Type:
I can remember that over the course of 24 months I had more than ten families tell me that they were re-locating due to job transfers. When I received the first intimations of these moves, I thought, “Well, that’s ok. God willing we can find some other families to fill the space.” But as the announcements began to pile up, I was finally looking at a reduction of the size of the church by nearly fifty percent! There are all kinds of things that go through your mind—questions, frustrations, and feelings. It’s one thing to replace a couple of families, but how do you find enough new people to restore half of your church?
The truth of the matter is that we live in a highly mobile culture. Gone are the days when a person would grow up, go to school, get married, and raise a family all in the same town. Corporations are large national and international conglomerates that move their employees like so many pawns on a chessboard. The reality is, you need to be prepared to have members of your church leave because their job has taken them to a new city.
When this happens, whether its one, ten, or twenty families over the course of a few years, remember that in the end that God foreordains whatsoever comes to pass, to quote the words of the Westminster Confession of Faith (III.i). This means that, in the end, when God in his providence moves families away from your church that he is doing some divine pruning.

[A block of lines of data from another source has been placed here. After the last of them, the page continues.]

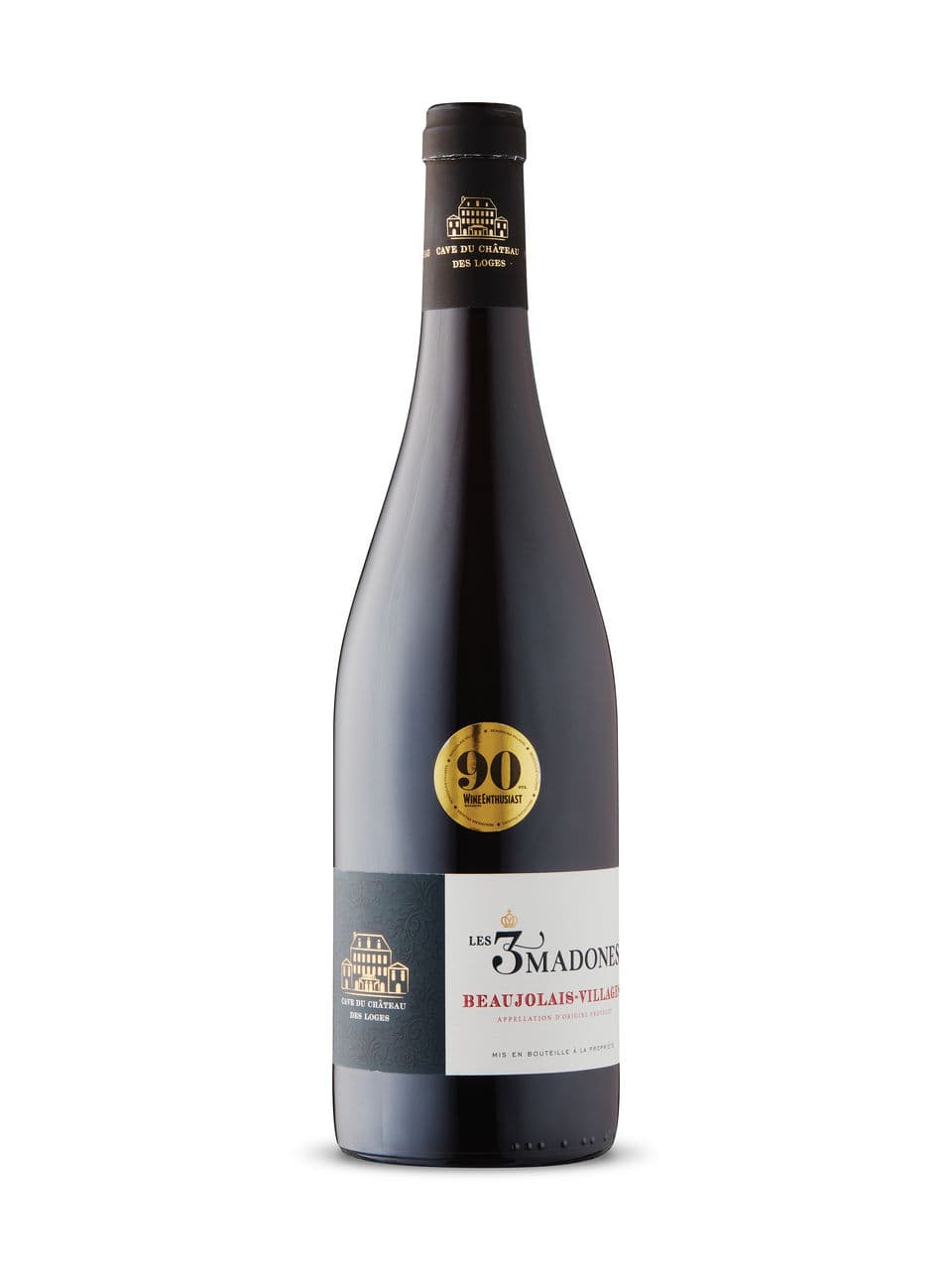 Cave du Château des Loges Les 3 Madones Beaujolais-Villages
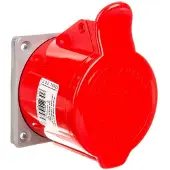 TAREL inbouwdoos, industriële stekkerdoos, 32A, 5-polig, 400V, IP44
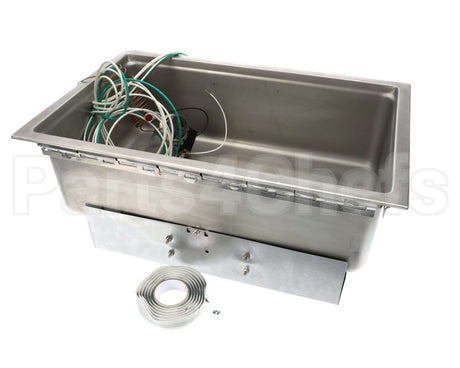 3P-TM90DS6 Apw Wyott Hot Food Well Assy W/Drain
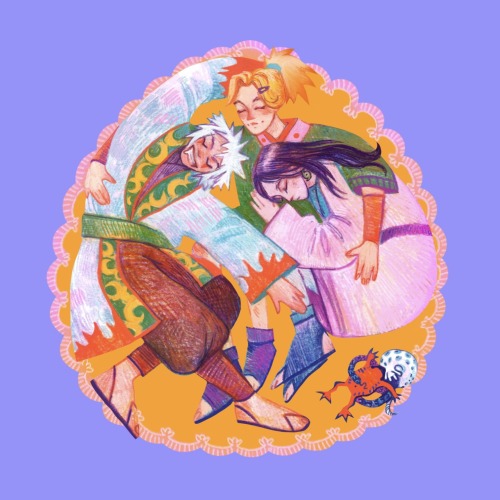 DO NOT Judge A Woman For Naruto Brainrot AND Drawing Her Babies Until 5 Am☝🏽😔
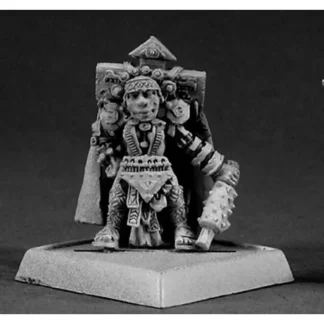Reaper Miniatures Bloodstone Gnome Matron 14499 Bloodstone Gnomes Unpainted Mini - Your Source for Gaming Essentials Best Sale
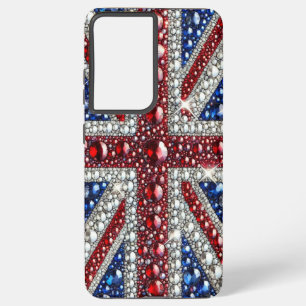 Samsung Galaxy S21 Ultra Case British Colours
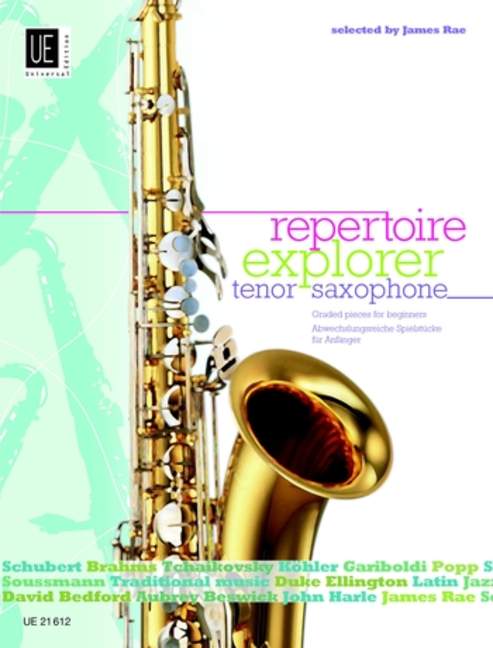 Repertoire Explorer – Tenor Saxophone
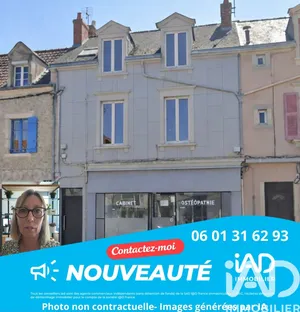Immeuble à Digoin (71160)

He is taking one fruitful branch and grafting on to another tree so that it bears more fruit. God willing, in the place of the pruned branch he will raise up more fruit-bearing branches. Sometimes, God the master gardener has to prune branches in order to make the tree more fruitful. I can remember that in the wake of the divine pruning at my church that I prayed more fervently for God’s grace for the congregation.
I know from personal experience that divine pruning of your congregation can be discouraging—loss of members, friends at a distance, and looking out on a smaller number of people as you peer over the pulpit. Use the opportunity, however, to reflect on your need for God’s grace in your ministry, to pray that God would motivate you to get the word out to see new people, even new converts!, fill the pews. And pray that, in the end, you would never measure your success by the number of people sitting in the pews but by whether you are being faithful in the things to which God has called you.